The Schaghticoke Tribal Nation teamed up with a powerful partner in filing a federal lawsuit Monday against the state of Connecticut.
MGM Resorts International, which last year brought its own lawsuit against Connecticut, is joining the Schaghticoke tribe in the latest federal lawsuit claiming that Special Act 15-7 is unconstitutional.
The special act gives the exclusive right to build a third casino to MMCT Venture LLC, the joint business venture created by the Mashantucket Pequots and Mohegan Tribe.
Richard L. Velky, chief of the Schaghticoke Tribal Nation, and Alan Feldman, executive vice president of Global Government & Industry Affairs at MGM, made the announcement in front of the U.S. District Court in Hartford.
“All we are looking for is a level playing field,” Velky told reporters outside the courthouse.
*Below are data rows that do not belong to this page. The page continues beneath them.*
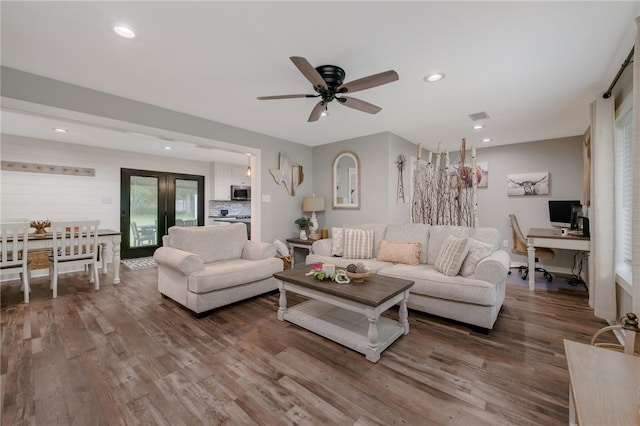 living room featuring ceiling fan and hardwood / wood-style flooring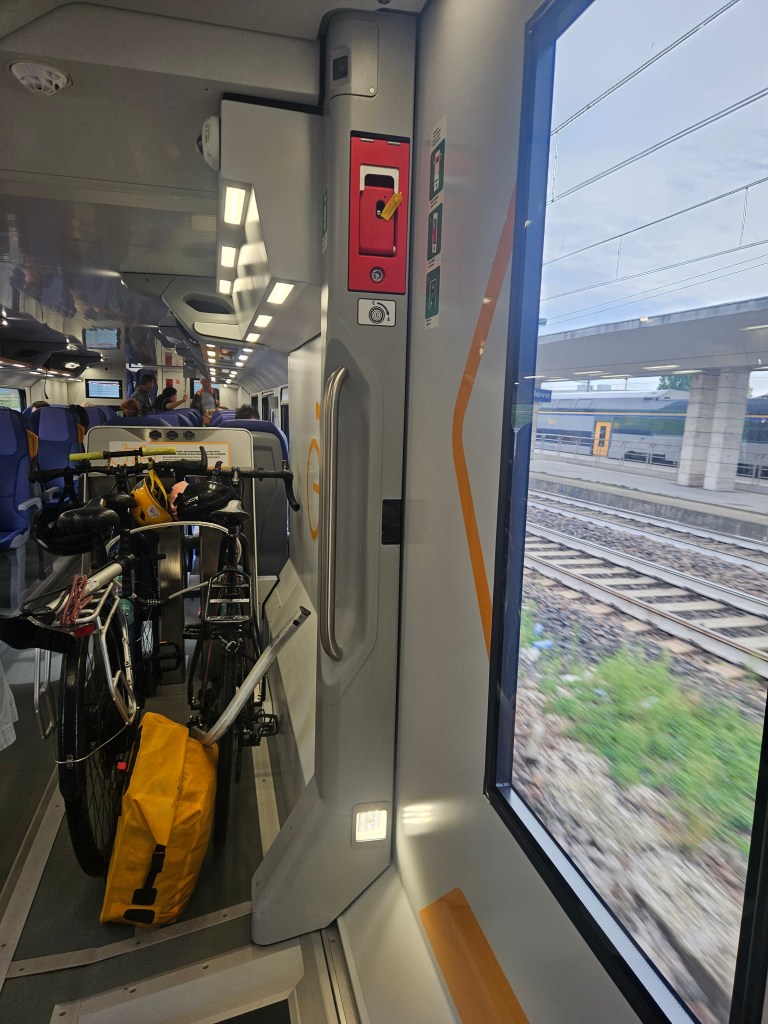 Intérieur d'un train en Italie avec des sièges vides, des vélos et des bagages à côté de la fenêtre.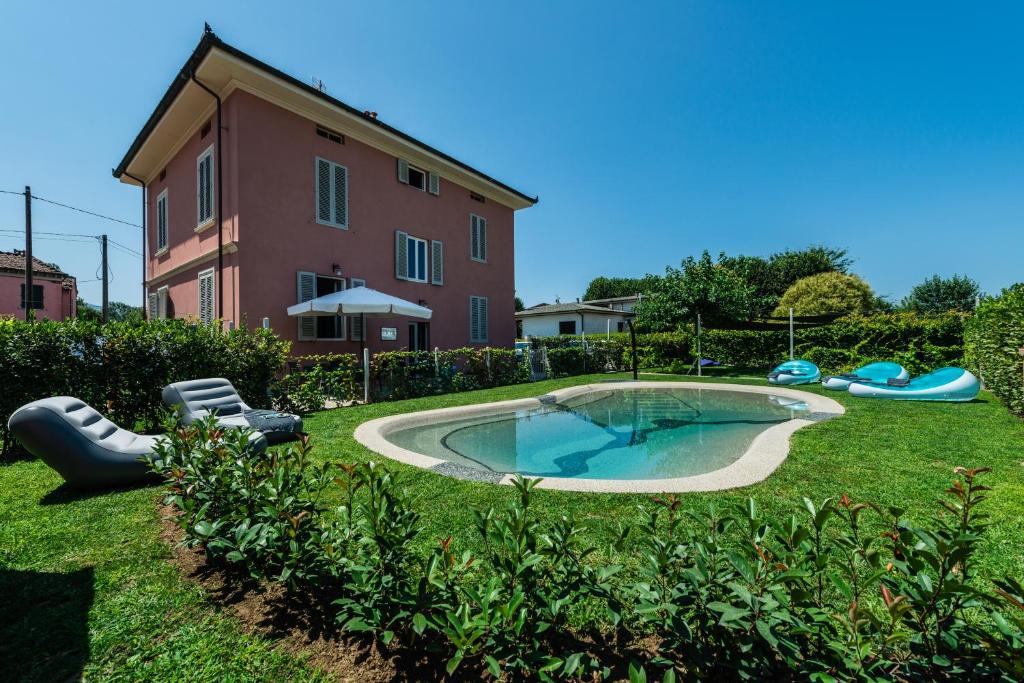 einen Hinterhof mit einem Pool und einem Haus in der Unterkunft il buen retiro in Lucca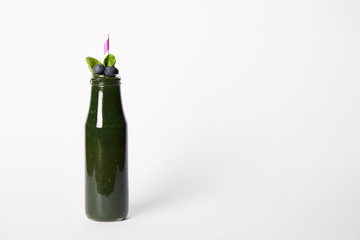 bottle of spirulina smoothie with mint leaves, blueberries and drinking straw on white background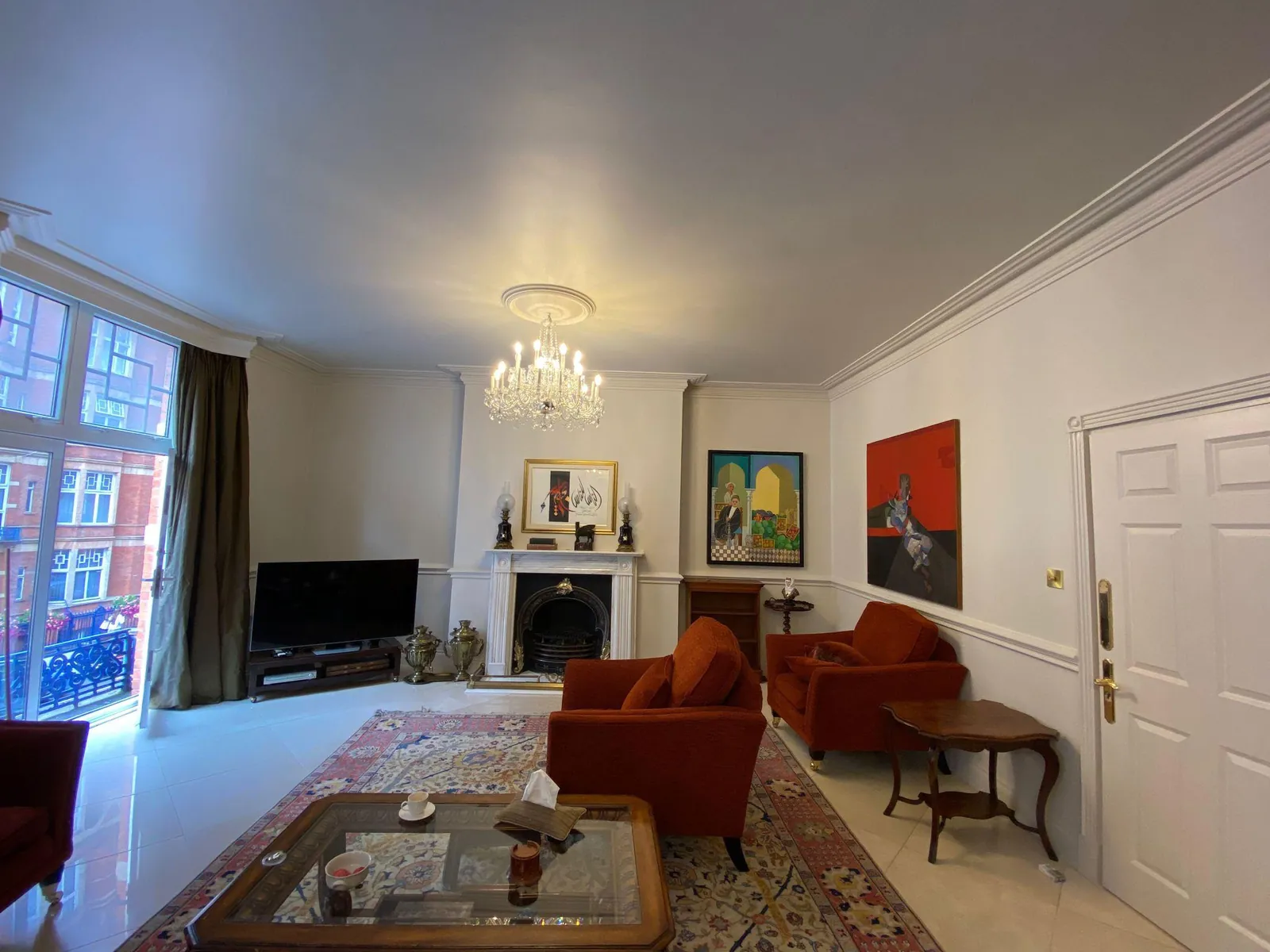 Reception room with painted panelled walls, Mayfair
Velky said the Schaghticokes are “proud to be collaborating’’ with MGM on the lawsuit. Pressed as to who was paying for the legal costs, Velky stated: “We are paying some and MGM is paying some.”
Velky and Feldman, declined to discuss the financial breakdown of the relationship between the Schaghticokes and MGM in any more specific detail.
Feldman said MGM “intends to stand up for our rights in court” in both lawsuits challenging Special Act 15-7, which grants the Mashantucket Pequots and the Mohegans the right to pursue Connecticut’s first ever commercial casino on non-tribal land.
Feldman said MGM, which is currently building a casino in Springfield, believes there is a “strong market” for casino development in the southwestern part of Connecticut.
The Mashantucket Pequots and the Mohegans — Connecticut’s only two federally-recognized Indian tribes — are moving forward with efforts to maintain their market share by building a satellite casino in the north central part of the state to compete with the MGM casino being built in Springfield.
“Without any competitive bidding or gaming study, Connecticut shut out the Schaghticoke Tribal Nation and awarded to one pair of Native American tribes the exclusive ability to develop a highly-valuable commercial enterprise,” Velky said. “Under the Equal Protection clauses of the federal and state Constitutions, the Schaghticoke Tribal Nation should have the same right to pursue this economic opportunity as anyone else.”
Because Special Act 15-7 would permit building a casino on non-tribal land, Velky said the Schaghticoke’s status as non-federally recognized tribal nation shouldn’t matter.
“The state has a long history of discriminating against the Schaghticoke Tribal Nation,” Velky said. “Recently, the state fought our federal recognition, supposedly because they didn’t want another casino in Connecticut.
“Now Connecticut wants to open a new casino, but only if the Schaghticoke Tribal Nation doesn’t get an opportunity to submit a proposal to operate it. The Schaghticoke Tribal Nation seeks equal treatment, which does not exist under Special Act 15-7,” Velky said.
Asked if the two would team up on building a new casino, Velky said it’s “a little pre-mature to discuss that today.”
In the lawsuit MGM filed last year against the same special act, the suit claimed the new law creates “an exclusive, no-bid process for the Preferred Tribes to present to the Connecticut legislature a proposal for development of an off-reservation commercial casino in Connecticut.”
The state declined to comment on the lawsuit.
“We will review any complaint that is served and respond at the appropriate time in court. We would decline further comment at this time,” Jaclyn M. Falkowski, director of communications for the Office of Attorney General George Jepsen, said.
Andrew Doba, spokesman for MMCT Venture, said the partnership should “raise a red flag.”
“After weeks of not returning phone calls from reporters, Chief Velky finally revealed that his operation is being bankrolled by MGM,” Doba said. “This startling revelation — which according to the chief was a year in the making — should raise a red flag for anyone who is concerned about MGM’s plan to steal jobs from Connecticut residents.”
Meanwhile, there is plenty more work MMCT Venture will need to do before it can start building a casino.
The special act essentially gives them authority to seek a location in Connecticut for a casino.
When and if they find a location, they still have to seek approval the legislature’s approval — something the General Assembly declined to do last year in light of questions raised by Jepsen.
Jepsen warned that legislation giving the tribes exclusive rights to a new casino would itself be a gamble, potentially endangering the current profit-sharing deal the state has with the tribes and exposing the state to lawsuits, like the ones filed by MGM and the Schaghticokes.